KG: A high-quality vanilla. I think all chefs are that way. My favorite vanilla is Nielsen Massey. You can get it all over the place. They have a vanilla paste, and what I love about it is that it’s the extract and it has the seeds, which of course is where all the flavor is. It’s thickened, so it’s emulsified. It doesn’t just dissipate, and it never tastes artificial. I really use a lot of vanilla beans as well. I dry them out and I put them in my sugar bin. Now that I think about it, I probably don’t have plain sugar at my house. I usually have a vanilla pod in my sugar; all my sugar is vanilla sugar. I think the other thing for me is salt. I think that people don’t always understand it, and it can have a negative moniker like sugar has. I don’t think people understand the impact of a tiny pinch of salt on savory foods or something sweet. When you are making desserts the only way to balance something that is sweet is to use a teeny bit of salt. It is also the number one recipe item to help with browning. Salt helps with that.
FD: What is the one thing you would never find in your kitchen?
KG: I wish I could say junk food but that’s not true. I eat a lot of junk food. But I guess it would be any ingredient that starts with “artificial” or “imitation.” I really believe that simple food is hard to do, and simple food starts with whole ingredients. I may sound like a grandma, but it’s hard to preserve the taste of something natural, so use something fresh and natural. When you look at the cuisines of the world, more often than not it’s just three to five ingredients done very well.
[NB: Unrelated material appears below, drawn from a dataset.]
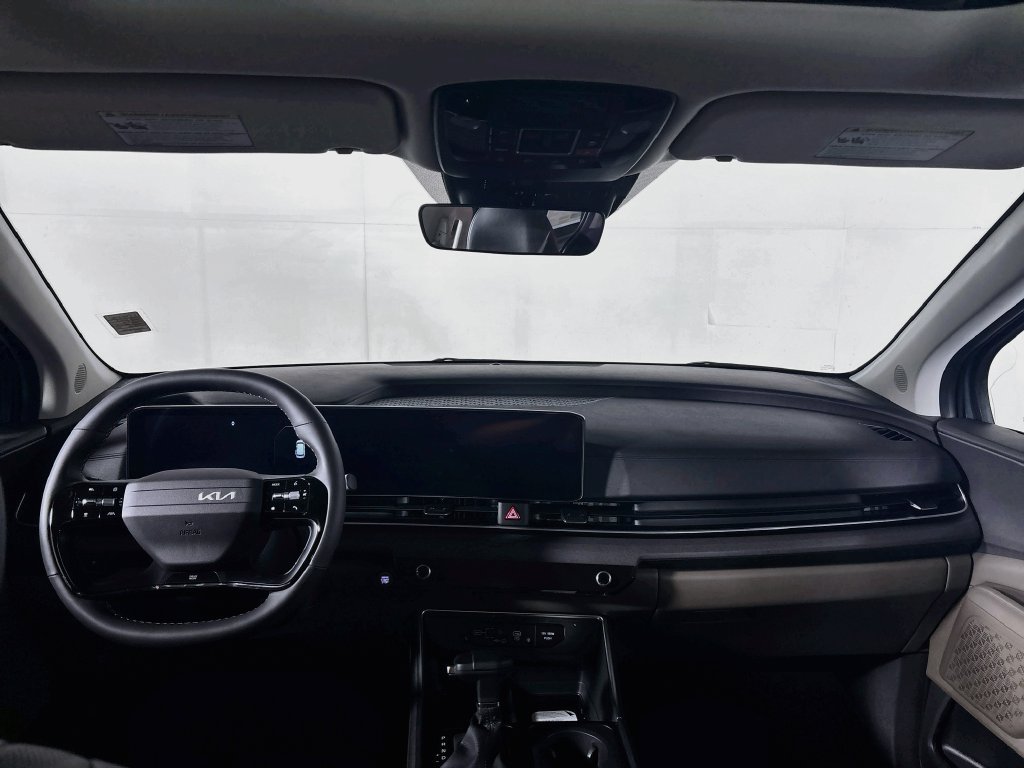 New 2027 Kia Carnival SX FWD image 12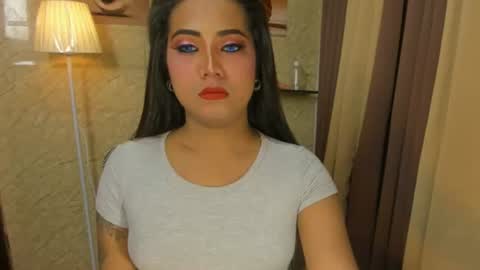 Snapshot of gorgeous_dark_luna chatting on 07/13/26, 05:49 RIANA online show from 07/13/26, 05:49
FD: What are some of your favorite restaurants in the Boulder, Longmont, Lafayette area?
KG: I’m not a fancy pants—but I just love Frasca and everything they are doing, I love their coffee shop next door and the pastries. I also love The Kitchen and I’m so glad that there is one in the Denver area now too.
FD: You work a lot on the competition shows on the Food Network. What has been the most memorable competition so far?
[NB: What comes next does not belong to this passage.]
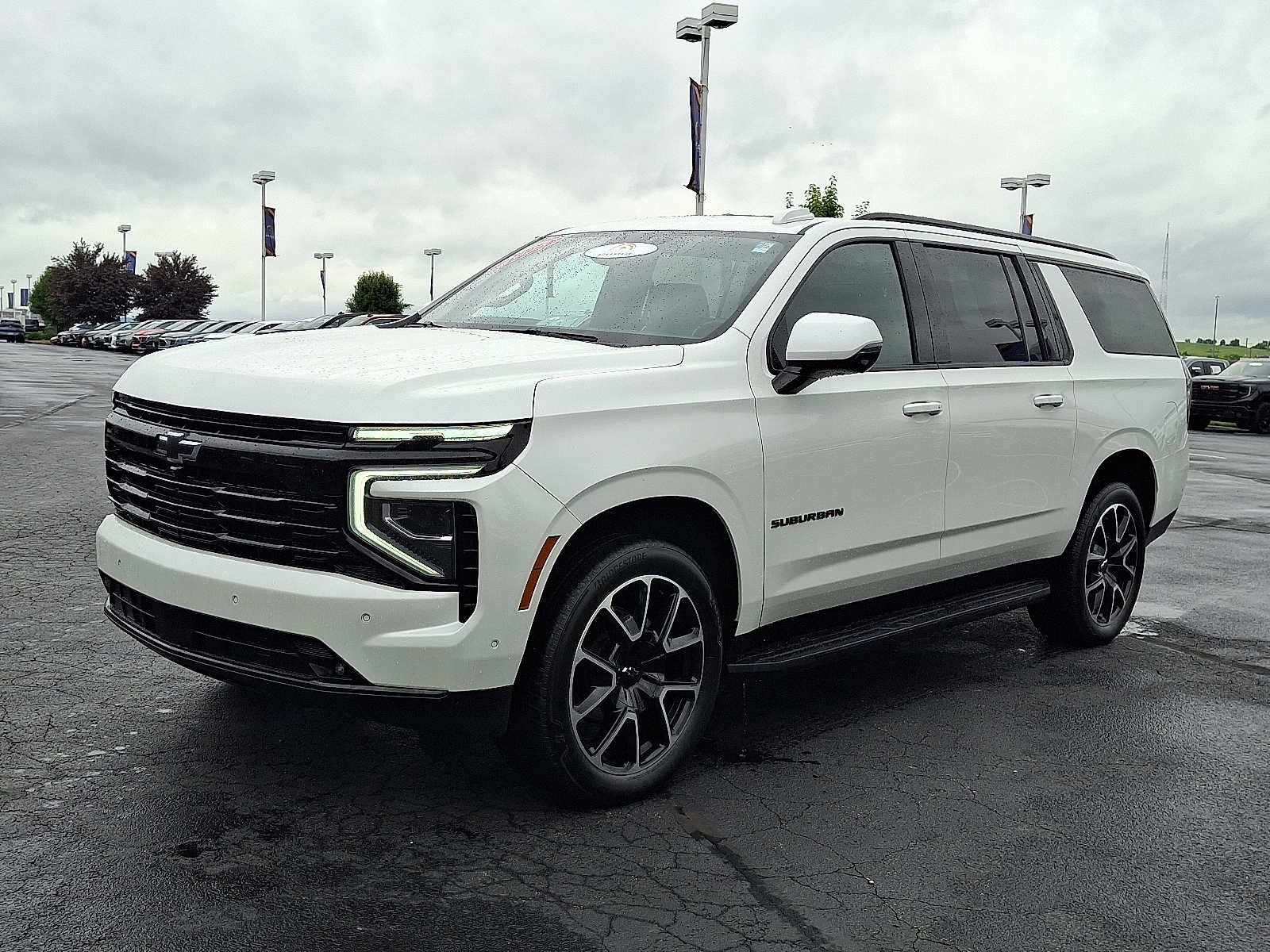 2025 Chevrolet Suburban RST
KG: That’s a tough one. I remember in 2001, I was on a plane on Sept. 11 headed to D.C. because the U.S. National Pastry Team had finally won the national championship and we were going to meet the president. Of course, everything got canceled and we got stuck, but that was a big deal. It was January 2001 and the U.S. won the World Championship in France. I had worked on that project from just dishwasher to assistant to coach to everything in between for 12 years and we finally won that year. That was my favorite. Now, as far as Challenge goes, we’ve done so many, we’ve hit somewhere around 320 episodes and I would say that I like the ones where you get to learn something amazing or something unusual happens. We had an anniversary for Sesame Street, and we actually got to go to Sesame Street. That was one of the best cakes ever. Mike McCarey of Mike’s Amazing Cakes did the most incredible Big Bird. It was so exactly Big Bird that I just wanted to cry; it was just amazing. And on top of that, I got to go to Sesame Street and meet all those people. It was really interesting, because it’s a very serious puppetry art form, you see these puppeteers and when you’re interacting with the character, they will not break character.
FD: What is your favorite breakfast cereal?
KG: It’s seasonal for me; Apple Jacks in the fall and winter and Fruit Loops in spring and summer. Since I’m in my 40s now and I’m older, I concocted this plan where I put something healthy like Shredded Wheat or Cheerios in a bowl and then I still put Apple Jacks on top of it.
Deb Flomberg contributed to this story.